- About this task
Print the lines that run from the line with "2024 Ford F-350 XLT" to the line with "Yellow Tshirt Size 8 - Image 2", keeping both end lines, exactly as they appear in the entries below, and nothing else.

════

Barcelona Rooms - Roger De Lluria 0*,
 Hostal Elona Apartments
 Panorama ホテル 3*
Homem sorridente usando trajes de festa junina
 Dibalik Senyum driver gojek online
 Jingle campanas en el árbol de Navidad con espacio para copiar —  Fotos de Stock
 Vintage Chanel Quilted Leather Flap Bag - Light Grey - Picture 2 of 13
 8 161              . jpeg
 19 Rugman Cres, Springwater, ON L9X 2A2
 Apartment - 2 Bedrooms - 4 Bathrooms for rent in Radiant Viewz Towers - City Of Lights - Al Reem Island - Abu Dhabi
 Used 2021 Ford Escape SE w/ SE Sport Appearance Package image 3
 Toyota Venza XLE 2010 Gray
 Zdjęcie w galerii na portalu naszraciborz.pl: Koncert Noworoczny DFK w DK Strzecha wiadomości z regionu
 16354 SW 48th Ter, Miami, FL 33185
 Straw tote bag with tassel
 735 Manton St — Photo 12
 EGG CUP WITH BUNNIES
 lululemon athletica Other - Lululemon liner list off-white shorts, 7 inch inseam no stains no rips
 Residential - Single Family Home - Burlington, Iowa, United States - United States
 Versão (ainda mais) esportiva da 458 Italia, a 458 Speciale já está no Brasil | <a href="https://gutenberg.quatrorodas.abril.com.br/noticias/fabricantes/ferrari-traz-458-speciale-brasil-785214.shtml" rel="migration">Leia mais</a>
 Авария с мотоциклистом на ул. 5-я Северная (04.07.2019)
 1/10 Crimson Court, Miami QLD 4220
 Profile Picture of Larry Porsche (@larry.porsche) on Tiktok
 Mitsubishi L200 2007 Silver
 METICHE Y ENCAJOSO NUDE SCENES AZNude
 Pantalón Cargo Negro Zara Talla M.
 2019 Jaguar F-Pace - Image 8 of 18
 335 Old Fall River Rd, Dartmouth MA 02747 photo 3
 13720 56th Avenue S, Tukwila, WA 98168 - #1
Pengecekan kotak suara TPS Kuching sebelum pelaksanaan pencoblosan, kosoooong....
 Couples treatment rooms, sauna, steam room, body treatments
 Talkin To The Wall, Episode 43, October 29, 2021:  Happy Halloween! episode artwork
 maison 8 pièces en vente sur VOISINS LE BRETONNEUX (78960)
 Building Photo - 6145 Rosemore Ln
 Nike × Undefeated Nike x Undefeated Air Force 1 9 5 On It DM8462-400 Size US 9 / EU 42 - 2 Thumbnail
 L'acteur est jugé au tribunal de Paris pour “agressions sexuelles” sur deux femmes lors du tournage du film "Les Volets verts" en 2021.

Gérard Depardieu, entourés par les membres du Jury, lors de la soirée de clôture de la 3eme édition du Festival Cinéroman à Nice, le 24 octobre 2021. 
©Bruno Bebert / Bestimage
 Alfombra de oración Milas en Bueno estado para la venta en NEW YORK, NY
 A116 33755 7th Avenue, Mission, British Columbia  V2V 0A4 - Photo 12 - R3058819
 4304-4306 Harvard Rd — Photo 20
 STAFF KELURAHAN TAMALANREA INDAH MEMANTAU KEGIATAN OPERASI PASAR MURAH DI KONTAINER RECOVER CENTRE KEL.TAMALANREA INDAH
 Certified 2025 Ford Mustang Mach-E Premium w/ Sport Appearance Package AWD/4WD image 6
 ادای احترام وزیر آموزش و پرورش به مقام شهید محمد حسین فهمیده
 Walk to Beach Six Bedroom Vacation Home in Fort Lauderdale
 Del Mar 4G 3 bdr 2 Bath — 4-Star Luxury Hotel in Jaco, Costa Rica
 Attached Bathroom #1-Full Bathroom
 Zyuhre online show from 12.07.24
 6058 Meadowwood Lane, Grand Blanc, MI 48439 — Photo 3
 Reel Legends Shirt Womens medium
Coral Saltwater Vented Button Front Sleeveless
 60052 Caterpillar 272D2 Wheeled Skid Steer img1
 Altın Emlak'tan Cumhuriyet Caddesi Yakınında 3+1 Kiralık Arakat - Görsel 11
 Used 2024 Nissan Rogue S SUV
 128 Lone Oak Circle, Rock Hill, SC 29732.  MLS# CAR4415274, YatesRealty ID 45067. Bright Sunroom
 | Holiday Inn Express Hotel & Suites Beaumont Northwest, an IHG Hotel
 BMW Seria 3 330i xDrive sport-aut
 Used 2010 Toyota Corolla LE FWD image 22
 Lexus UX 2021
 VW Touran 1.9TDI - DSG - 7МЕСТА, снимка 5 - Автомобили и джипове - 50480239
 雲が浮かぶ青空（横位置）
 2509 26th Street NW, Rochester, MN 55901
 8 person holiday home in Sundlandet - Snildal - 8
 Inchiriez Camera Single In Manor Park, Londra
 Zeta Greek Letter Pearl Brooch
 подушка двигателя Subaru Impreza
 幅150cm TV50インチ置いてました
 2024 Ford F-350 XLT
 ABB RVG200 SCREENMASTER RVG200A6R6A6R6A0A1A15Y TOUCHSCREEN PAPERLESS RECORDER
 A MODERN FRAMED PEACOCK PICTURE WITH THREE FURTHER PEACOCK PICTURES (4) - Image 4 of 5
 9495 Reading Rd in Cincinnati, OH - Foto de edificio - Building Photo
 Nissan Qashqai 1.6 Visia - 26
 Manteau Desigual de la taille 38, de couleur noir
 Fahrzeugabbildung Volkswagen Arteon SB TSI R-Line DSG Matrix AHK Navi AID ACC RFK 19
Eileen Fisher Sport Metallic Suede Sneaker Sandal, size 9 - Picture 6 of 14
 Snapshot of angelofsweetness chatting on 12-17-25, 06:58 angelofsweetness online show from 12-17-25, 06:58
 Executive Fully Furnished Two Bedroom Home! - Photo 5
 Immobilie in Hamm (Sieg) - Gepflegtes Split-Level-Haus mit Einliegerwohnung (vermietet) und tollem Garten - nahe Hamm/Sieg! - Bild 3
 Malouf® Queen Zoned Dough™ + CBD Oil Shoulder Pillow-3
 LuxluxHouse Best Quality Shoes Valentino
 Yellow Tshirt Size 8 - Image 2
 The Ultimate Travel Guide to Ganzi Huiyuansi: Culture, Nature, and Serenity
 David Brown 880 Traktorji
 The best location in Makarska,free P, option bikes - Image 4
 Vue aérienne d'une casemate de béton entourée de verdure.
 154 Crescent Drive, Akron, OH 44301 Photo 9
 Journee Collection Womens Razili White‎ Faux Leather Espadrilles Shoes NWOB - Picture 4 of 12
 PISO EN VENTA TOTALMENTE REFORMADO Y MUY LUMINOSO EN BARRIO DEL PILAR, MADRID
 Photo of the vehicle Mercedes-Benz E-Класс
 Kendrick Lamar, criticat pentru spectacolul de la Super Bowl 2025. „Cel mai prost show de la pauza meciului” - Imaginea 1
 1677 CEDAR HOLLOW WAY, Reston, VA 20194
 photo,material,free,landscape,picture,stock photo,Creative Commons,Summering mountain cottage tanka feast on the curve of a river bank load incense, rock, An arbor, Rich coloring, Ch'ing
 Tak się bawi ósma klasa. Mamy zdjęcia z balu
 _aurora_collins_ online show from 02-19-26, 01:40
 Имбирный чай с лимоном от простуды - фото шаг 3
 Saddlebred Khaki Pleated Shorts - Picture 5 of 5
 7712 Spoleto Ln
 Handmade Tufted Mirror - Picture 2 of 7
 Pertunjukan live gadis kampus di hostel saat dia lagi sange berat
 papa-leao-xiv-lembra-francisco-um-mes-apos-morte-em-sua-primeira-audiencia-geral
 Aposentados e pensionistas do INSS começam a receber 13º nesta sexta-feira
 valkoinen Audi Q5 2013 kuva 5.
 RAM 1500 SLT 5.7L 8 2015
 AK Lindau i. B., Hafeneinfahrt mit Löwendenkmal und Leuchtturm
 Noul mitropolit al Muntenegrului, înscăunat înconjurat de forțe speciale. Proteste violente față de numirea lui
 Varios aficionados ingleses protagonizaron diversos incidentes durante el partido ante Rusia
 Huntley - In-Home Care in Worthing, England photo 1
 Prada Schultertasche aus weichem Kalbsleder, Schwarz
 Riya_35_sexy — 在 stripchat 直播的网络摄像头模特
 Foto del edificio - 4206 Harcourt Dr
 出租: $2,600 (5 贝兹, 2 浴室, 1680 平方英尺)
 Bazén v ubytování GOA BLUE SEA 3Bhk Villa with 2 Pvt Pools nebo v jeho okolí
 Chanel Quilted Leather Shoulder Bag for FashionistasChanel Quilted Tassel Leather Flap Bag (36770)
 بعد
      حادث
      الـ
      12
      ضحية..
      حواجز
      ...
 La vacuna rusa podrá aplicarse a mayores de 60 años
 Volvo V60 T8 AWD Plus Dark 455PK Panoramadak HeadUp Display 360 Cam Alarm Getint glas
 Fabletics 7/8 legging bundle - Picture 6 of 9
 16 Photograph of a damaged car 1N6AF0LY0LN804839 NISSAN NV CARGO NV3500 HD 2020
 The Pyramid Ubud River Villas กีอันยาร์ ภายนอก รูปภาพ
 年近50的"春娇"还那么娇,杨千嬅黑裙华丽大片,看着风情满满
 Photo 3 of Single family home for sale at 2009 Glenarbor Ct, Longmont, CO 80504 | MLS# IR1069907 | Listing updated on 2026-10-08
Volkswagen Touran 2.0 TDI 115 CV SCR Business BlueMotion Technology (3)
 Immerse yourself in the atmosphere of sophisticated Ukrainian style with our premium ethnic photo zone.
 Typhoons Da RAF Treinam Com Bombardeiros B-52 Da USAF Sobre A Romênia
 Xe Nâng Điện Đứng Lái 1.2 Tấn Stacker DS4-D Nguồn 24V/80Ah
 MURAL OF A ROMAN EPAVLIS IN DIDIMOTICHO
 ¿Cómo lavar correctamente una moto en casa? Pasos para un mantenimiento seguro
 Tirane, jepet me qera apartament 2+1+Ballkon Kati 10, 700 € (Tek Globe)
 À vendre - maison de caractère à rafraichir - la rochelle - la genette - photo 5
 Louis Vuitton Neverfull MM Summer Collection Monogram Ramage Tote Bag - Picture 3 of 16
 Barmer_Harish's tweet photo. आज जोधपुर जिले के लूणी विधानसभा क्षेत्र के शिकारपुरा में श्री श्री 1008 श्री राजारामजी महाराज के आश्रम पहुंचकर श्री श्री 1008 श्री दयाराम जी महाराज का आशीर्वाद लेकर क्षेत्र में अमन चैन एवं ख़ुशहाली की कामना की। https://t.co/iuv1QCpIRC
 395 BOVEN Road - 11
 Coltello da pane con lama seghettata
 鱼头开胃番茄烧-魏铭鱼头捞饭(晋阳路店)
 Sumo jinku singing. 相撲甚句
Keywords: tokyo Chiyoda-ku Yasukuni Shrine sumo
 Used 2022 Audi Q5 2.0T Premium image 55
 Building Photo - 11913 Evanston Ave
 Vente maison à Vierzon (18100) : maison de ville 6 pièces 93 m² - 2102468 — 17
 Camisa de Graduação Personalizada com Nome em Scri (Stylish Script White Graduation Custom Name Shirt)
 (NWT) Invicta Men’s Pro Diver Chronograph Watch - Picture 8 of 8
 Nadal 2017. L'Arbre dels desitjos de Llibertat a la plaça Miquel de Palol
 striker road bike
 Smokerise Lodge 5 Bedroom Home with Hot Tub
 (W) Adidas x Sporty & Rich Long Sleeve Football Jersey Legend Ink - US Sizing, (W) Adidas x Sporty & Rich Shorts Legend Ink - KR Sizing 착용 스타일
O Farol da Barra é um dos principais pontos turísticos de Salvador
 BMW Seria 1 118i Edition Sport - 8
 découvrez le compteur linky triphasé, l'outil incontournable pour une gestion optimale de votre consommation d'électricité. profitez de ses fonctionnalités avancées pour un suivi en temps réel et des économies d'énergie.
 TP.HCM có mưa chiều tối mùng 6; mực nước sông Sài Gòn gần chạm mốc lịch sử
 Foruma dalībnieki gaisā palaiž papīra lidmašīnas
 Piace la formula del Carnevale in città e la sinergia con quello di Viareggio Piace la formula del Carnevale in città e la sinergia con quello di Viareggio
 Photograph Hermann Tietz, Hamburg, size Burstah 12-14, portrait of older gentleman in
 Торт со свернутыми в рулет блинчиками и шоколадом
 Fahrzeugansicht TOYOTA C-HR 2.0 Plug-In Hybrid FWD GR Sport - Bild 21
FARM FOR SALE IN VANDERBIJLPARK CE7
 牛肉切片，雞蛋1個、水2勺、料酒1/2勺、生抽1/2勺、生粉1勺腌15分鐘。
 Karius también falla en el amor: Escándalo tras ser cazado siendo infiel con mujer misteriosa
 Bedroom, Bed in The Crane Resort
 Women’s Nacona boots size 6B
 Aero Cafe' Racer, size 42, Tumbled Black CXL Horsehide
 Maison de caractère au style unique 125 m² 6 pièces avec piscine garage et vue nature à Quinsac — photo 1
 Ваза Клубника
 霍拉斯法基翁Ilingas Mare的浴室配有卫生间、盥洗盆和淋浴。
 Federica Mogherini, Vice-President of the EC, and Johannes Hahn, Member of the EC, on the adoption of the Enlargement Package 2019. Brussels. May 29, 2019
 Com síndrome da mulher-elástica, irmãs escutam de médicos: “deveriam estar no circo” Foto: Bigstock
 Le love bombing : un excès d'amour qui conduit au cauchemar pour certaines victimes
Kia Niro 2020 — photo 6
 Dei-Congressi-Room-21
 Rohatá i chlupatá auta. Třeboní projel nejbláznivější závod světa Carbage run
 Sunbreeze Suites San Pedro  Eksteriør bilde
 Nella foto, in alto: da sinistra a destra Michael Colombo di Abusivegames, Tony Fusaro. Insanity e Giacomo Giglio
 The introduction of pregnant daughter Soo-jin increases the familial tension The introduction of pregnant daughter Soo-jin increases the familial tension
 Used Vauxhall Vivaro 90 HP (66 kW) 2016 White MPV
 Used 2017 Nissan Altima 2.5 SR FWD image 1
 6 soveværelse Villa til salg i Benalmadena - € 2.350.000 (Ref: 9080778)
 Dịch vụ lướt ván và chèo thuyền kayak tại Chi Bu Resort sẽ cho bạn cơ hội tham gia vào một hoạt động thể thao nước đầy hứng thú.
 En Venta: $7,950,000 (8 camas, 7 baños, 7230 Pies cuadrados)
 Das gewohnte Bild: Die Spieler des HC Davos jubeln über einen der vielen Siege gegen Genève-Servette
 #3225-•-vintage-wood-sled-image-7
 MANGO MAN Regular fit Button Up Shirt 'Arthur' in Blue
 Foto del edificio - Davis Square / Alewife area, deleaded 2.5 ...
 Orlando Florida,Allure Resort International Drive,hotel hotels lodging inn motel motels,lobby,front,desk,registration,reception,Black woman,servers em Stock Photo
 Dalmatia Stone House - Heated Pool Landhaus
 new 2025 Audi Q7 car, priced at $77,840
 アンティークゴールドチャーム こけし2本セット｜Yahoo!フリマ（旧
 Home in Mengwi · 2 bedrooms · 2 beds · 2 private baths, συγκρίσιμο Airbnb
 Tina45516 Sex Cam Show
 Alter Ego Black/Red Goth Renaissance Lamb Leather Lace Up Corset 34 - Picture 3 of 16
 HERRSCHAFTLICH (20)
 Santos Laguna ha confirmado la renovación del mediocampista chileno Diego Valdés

════

- Output for this task
 2024 Ford F-350 XLT
 ABB RVG200 SCREENMASTER RVG200A6R6A6R6A0A1A15Y TOUCHSCREEN PAPERLESS RECORDER
 A MODERN FRAMED PEACOCK PICTURE WITH THREE FURTHER PEACOCK PICTURES (4) - Image 4 of 5
 9495 Reading Rd in Cincinnati, OH - Foto de edificio - Building Photo
 Nissan Qashqai 1.6 Visia - 26
 Manteau Desigual de la taille 38, de couleur noir
 Fahrzeugabbildung Volkswagen Arteon SB TSI R-Line DSG Matrix AHK Navi AID ACC RFK 19
Eileen Fisher Sport Metallic Suede Sneaker Sandal, size 9 - Picture 6 of 14
 Snapshot of angelofsweetness chatting on 12-17-25, 06:58 angelofsweetness online show from 12-17-25, 06:58
 Executive Fully Furnished Two Bedroom Home! - Photo 5
 Immobilie in Hamm (Sieg) - Gepflegtes Split-Level-Haus mit Einliegerwohnung (vermietet) und tollem Garten - nahe Hamm/Sieg! - Bild 3
 Malouf® Queen Zoned Dough™ + CBD Oil Shoulder Pillow-3
 LuxluxHouse Best Quality Shoes Valentino
 Yellow Tshirt Size 8 - Image 2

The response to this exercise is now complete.